◆ **What is needed**:
Count every line below that contains "Back", then state the total with no other output.
+===+
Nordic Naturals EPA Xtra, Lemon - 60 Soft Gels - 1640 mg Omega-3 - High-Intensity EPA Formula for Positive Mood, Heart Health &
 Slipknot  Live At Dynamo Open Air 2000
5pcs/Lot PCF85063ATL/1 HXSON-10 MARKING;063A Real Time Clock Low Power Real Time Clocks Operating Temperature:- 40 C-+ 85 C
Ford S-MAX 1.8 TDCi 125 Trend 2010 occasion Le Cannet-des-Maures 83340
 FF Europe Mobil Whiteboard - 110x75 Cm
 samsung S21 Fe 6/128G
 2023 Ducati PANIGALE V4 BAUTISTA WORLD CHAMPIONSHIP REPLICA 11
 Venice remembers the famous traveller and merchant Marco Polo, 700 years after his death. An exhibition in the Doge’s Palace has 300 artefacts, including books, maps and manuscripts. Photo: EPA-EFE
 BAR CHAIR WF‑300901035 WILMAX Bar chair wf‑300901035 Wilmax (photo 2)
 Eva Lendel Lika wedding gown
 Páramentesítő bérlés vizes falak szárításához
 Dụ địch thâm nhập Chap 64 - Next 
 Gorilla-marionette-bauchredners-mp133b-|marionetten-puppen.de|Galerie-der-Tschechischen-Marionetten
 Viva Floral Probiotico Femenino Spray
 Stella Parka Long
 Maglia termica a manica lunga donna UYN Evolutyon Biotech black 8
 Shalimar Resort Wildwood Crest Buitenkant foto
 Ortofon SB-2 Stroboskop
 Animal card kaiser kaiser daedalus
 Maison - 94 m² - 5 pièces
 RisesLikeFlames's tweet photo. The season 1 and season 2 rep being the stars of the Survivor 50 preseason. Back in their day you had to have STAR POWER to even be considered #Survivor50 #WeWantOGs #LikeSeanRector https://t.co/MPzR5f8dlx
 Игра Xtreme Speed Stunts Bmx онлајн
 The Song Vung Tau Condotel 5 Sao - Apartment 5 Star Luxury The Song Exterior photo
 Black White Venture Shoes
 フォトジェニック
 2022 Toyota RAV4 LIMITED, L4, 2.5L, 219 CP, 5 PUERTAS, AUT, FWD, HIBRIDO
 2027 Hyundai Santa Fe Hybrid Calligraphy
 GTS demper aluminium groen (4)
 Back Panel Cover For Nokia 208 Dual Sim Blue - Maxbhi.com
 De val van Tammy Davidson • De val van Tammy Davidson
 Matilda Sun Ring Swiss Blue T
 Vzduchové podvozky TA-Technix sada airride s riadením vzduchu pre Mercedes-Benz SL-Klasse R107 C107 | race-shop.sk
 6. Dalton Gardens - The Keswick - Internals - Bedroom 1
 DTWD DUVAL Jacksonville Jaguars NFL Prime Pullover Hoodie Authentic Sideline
+===+
◆ **Task response**:
2